Debugging using JTAG and application loading / monitoring is integrated under the Eclipse environment, to provide quick and easy transition from writing, compiling and loading the code to debugging, back to writing the code, and so on. All the software is available for Windows, Linux and MacOS platforms.
If the ESP-WROVER-KIT is used, then connection from PC to ESP32 is done effectively with a single USB cable thanks to FT2232H chip installed on WROVER, which provides two USB channels, one for JTAG and the second for UART connection.
Depending on user preferences, both debugger and idf.py build can be operated directly from terminal / command line, instead from Eclipse.
Selecting JTAG Adapter¶
The quickest and most convenient way to start with JTAG debugging is by using ESP-WROVER-KIT. Each version of this development board has JTAG interface already build in. No need for an external JTAG adapter and extra wiring / cable to connect JTAG to ESP32. WROVER KIT is using FT2232H JTAG interface operating at 20 MHz clock speed, which is difficult to achieve with an external adapter.

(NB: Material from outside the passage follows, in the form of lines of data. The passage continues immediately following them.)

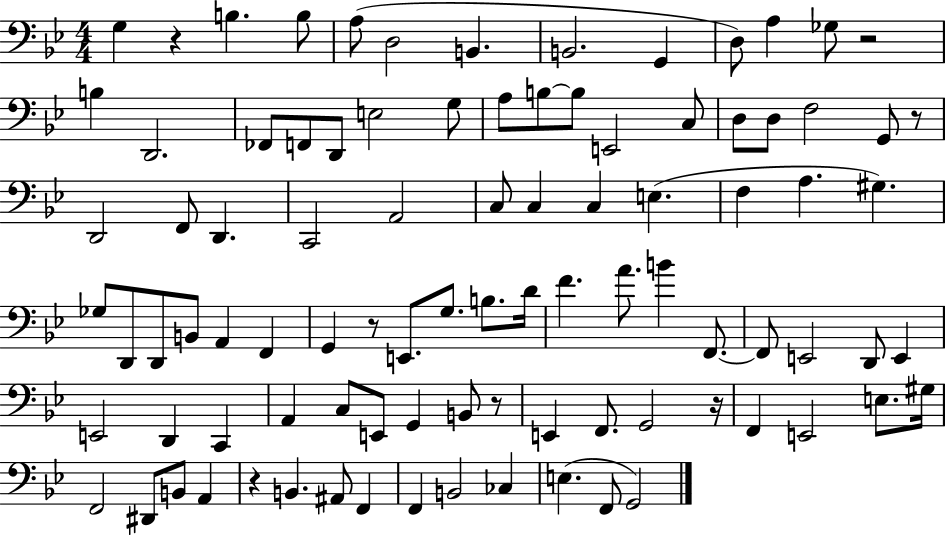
{
  \clef bass
  \numericTimeSignature
  \time 4/4
  \key bes \major
  \repeat volta 2 { g4 r4 b4. b8 | a8( d2 b,4. | b,2. g,4 | d8) a4 ges8 r2 | \break b4 d,2. | fes,8 f,8 d,8 e2 g8 | a8 b8~~ b8 e,2 c8 | d8 d8 f2 g,8 r8 | \break d,2 f,8 d,4. | c,2 a,2 | c8 c4 c4 e4.( | f4 a4. gis4.) | \break ges8 d,8 d,8 b,8 a,4 f,4 | g,4 r8 e,8. g8. b8. d'16 | f'4. a'8. b'4 f,8.~~ | f,8 e,2 d,8 e,4 | \break e,2 d,4 c,4 | a,4 c8 e,8 g,4 b,8 r8 | e,4 f,8. g,2 r16 | f,4 e,2 e8. gis16 | \break f,2 dis,8 b,8 a,4 | r4 b,4. ais,8 f,4 | f,4 b,2 ces4 | e4.( f,8 g,2) | \break } \bar "|."
} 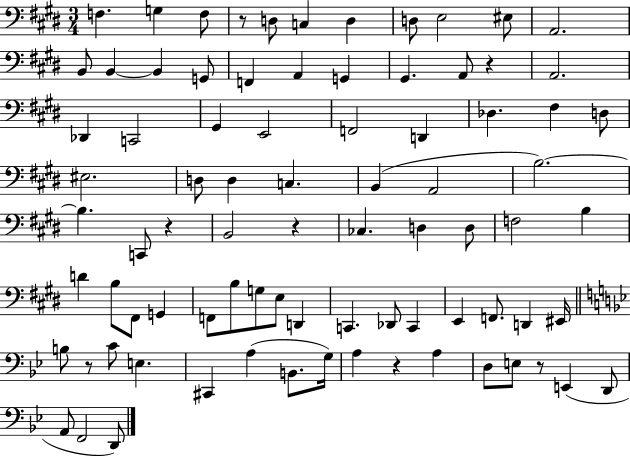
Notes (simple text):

F3/q. G3/q F3/e R/e D3/e C3/q D3/q D3/e E3/h EIS3/e A2/h. B2/e B2/q B2/q G2/e F2/q A2/q G2/q G#2/q. A2/e R/q A2/h. Db2/q C2/h G#2/q E2/h F2/h D2/q Db3/q. F#3/q D3/e EIS3/h. D3/e D3/q C3/q. B2/q A2/h B3/h. B3/q. C2/e R/q B2/h R/q CES3/q. D3/q D3/e F3/h B3/q D4/q B3/e F#2/e G2/q F2/e B3/e G3/e E3/e D2/q C2/q. Db2/e C2/q E2/q F2/e. D2/q EIS2/s B3/e R/e C4/e E3/q. C#2/q A3/q B2/e. G3/s A3/q R/q A3/q D3/e E3/e R/e E2/q D2/e A2/e F2/h D2/e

If you decide to use separate JTAG adapter, look for one that is compatible with both the voltage levels on the ESP32 as well as with the OpenOCD software. The JTAG port on the ESP32 is an industry-standard JTAG port which lacks (and does not need) the TRST pin. The JTAG I/O pins all are powered from the VDD_3P3_RTC pin (which normally would be powered by a 3.3 V rail) so the JTAG adapter needs to be able to work with JTAG pins in that voltage range.
On the software side, OpenOCD supports a fair amount of JTAG adapters. See http://openocd.org/doc/html/Debug-Adapter-Hardware.html for an (unfortunately slightly incomplete) list of the adapters OpenOCD works with. This page lists SWD-compatible adapters as well; take note that the ESP32 does not support SWD. JTAG adapters that are hardcoded to a specific product line, e.g. ST-LINK debugging adapters for STM32 families, will not work.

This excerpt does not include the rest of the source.